Hacker News new | ask | show | jobs
by jerf 320 days ago
This post gets the reason why people are cutting off LLMs exactly backwards and consequently completely fails to address the core issue. The whole reason people are blocking LLMs is precisely that they believe it kills the flow of readers to your content. The LLMs present your ideas and content, maybe with super-tiny attribution that nobody notices or uses [1], maybe with no attribution at all, and you get nothing. People are blocking LLMs with the precise intent of trying to preserve the flow to their content, be it commercially, reputationally, whatever.

[1]: https://www.pewresearch.org/short-reads/2025/07/22/google-us...

3 comments

Users don't seek content for the attribution; that's extra noise, unless there's reason to contact the attributed. And given that many websites offer an inefficient flow to content, made of ads and/or unnecessarily animated things for example, the LLM is merely improving the experience for the user.
"Why look at a sunset when you can read a summary about one from an AI?"

-Someone, somewhere, eventually

The whole conversation here is about incentives for the content creators, not the user.

Yes, as a user I'd like everything served to me on a silver platter, for free, on demand, and completely and 100% aligned with my interests exclusively with no thought given to anybody else... but that's not a realistic world. In the real world, if the content providers have no reason to provide content, they won't.

I kind of hate the connotations of "content provider", that neutral term that implies that it is all "content" that can just be measured in megabytes or something, but I mean the full richness here of the term, individual producers, small businesses, big business, everybody.
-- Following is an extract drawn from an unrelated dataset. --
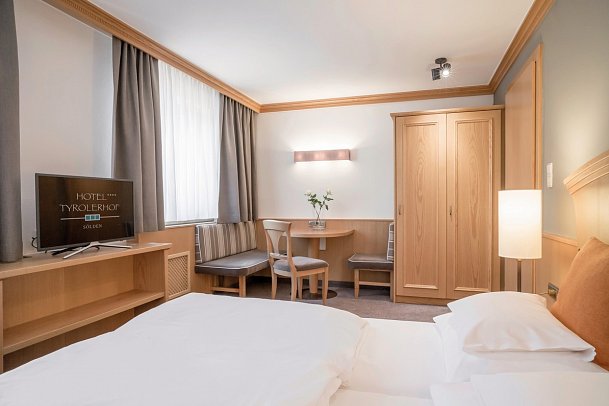 Tyrolerhof - Wohnbeispiel Familienzimmer Flair (Zimmercodierung FB1)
Even my personal site, if I'm not getting something out of it, however intangible it may be, I wouldn't do it. I'd be mighty pissed if I lose a job someday because I get accused of just spewing out LLM content that the LLM can only spew out because of my own original ideas/formulation of ideas being on the internet.

There are many content creators out there who create and share with the only incentive being for fun and/or interest. However their content is in most cases down-ranked due to a lack of SEO, because no time to waste on that silliness when there are better things to do. The internet is merely reverting to its previous form where such strings-free content was the order of the day, instead of the highly SEO'd spam that's primarily aimed at getting ad impressions or whatever nonsense that degrades user experience.
Fair, if your content is your product, but I’m more than happy for every LLM on the planet to summarize my page and hype the virtues of my product to its user.
Enjoy the brief window of LLMs "hyping the virtues of your product" to its users for free. In 2030 that's not going to sound realistic at all. And I feel I'm being generous pushing it up to 2030, the first "sponsored training data" either already exists or will probably be out this year, the only question being whether it will be publicly admitted to or not.
No doubt, but that doesn't change the position.
Why do tech bros assume that every site is selling a product? There are blogs, personal web sites, communities, and open-source projects out there.
If there's no product, and it's free, why would one care about it appearing in the output of an LLM? If it's so secret that it shouldn't, then perhaps it should be behind some auth anyway.
Because writing is, in many senses, exposing yourself, and at the very least you want the recognition for it (even if only in the form of a visit to the website, and maybe the interactions that can follow)? Maybe you want at least the prestige that comes with writing good content that took a lot of time to create. Maybe because you want to participate in a community with your stuff. Maybe other million reasons.

I know that medium, substack and the other "publication" platforms (like LinkedIn) are trying to commodify even the act of writing into purely a form or marketing (either for a product, or for your personal brand), but not everyone gave up just yet.

Agreed, and we can argue semantics, but many folks would consider the content in that case a product.
Not everything everyone does is for a profit motive. I'm not trying to sell you anything ; myself included, when you visit my site. It's just reading material.
Something being a product does not require a profit motive.
Why would removing your content from LLM training data cause people to go and seek it out directly from you?

Would removing your website from google search results cause people to go directly to your website?

This seems like a weird comparison - Google’s explicit purpose is to direct people to your site. An LLMs purpose is not.
The point being made is that just as the search engine was the primary means for users to discover content yesterday, so the LLM agent will become the primary means tomorrow. And that content doesn't have to be in the training data, but if an agent is unable to access some particular content, then it won't be discovered by users. Similar to if a rewatch engine is unable to access it.